昭王が問いました「先ほどの『一純』『二精』『七事』とは何だ?」
観射父が答えました「聖王が端冕(黒い祭服と大冠)を正し、心を違えることなく、群臣を率い、精物(清潔な供物)をもって祭祀に臨み、神に対してやましい心を持たないことを『一純』といいます。玉と帛を『二精』といいます。天・地・民および四時(四季)の事務を『七事』といいます。」
昭王が問いました「三事(天・地・民の事務)とは何だ?」
観射父が答えました「天の事は武といい、地の事は文といい、民の事は忠信といいます。」
昭王が問いました「百姓、千品、万官、億醜と『兆民経入畡数者』とは何だ?」
観射父が答えました「民の中で、官に達して姓名を授けられた者は百を数えます。王公の子弟の中で、能力があって職責を果たすことができる者は、職責によって姓を与えられ、その官を監督します。これらを百姓といいます。姓(百姓)には属僚がおり、その数は王の百官(王には十品がいます。十品は百官の意味です)の十倍に値します。よって千品といいます。五物(天・地・神・民・物)の官には、陪属(臣下の臣)が万います(千品の十倍です)。よって万官といいます。万官には十醜(「醜」は「類」の意味です)があります。よって億醜といいます(万官の下にはそれぞれ十種類の官がいます。合計十万になりますが、古代は十万を「億」と書きました)。天子の田は九畡(九州の田地)に分けられ、兆民(民衆)を養っています。王は通常の税を徴収して万官を養っています。これを『兆民経入畡数者』といいます。」
 
 
次も『国語・楚語下』からです。
楚の大夫・且が朝廷で令尹・子常に会った時、子常はどうすれば財貨を蓄えて馬を集めることができるか問いました。

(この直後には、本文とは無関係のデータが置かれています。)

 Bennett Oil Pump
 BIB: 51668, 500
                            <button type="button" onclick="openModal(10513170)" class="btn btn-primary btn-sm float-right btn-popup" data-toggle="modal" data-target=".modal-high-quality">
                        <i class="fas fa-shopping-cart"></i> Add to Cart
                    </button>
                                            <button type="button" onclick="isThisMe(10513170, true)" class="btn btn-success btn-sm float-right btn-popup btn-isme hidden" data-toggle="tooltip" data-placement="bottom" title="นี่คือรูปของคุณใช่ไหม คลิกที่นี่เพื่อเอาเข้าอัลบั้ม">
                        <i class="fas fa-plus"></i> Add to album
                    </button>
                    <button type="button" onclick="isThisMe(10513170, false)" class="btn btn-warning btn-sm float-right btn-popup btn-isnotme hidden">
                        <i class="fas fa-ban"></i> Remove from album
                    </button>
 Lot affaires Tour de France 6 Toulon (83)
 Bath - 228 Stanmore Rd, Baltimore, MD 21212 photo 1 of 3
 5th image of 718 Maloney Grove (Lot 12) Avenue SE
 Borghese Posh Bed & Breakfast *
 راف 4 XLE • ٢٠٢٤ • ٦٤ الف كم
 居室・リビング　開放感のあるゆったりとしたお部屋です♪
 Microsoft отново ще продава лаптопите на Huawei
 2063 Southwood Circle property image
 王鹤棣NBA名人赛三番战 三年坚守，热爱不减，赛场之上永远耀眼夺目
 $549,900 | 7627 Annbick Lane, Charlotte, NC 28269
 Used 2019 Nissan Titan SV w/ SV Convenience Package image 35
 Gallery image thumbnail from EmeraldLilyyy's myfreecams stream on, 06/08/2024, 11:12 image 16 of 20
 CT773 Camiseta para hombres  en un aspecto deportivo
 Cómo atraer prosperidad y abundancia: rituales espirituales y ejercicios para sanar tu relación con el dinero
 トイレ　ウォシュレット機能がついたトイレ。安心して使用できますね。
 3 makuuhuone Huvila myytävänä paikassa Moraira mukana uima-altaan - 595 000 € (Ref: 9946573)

家に帰った且は弟にこう話しました「楚は亡びるだろう。楚が亡びないとしても、令尹は禍から逃れることができない。私が令尹に会った時、令尹はどうすれば財を蓄えることができるかと質問したが、その様子は飢えた豺狼のようだった。亡ばないはずがない。
古の者は、財貨を集めても民の衣食の利を害すことがなく、馬を集めても民の財用を害すことがなかった。国馬(民から徴収した馬)は行軍を満足させることができれば充分で、公馬(公卿の戦馬)は賦(兵賦。軍事の需要)を満足させることができれば充分だったので、限度を超えなかった。公貨(公卿の財)は贈物や貢献の需要に足りればよく、家貨(大夫の財)は家用を満足できればよかったので、やはり限度を超えることはなかった。財貨や馬を過度に所有したら民を欠乏させ、民の欠乏が多くなったら離叛の心を生じさせる。そうなったら国を立てることができない。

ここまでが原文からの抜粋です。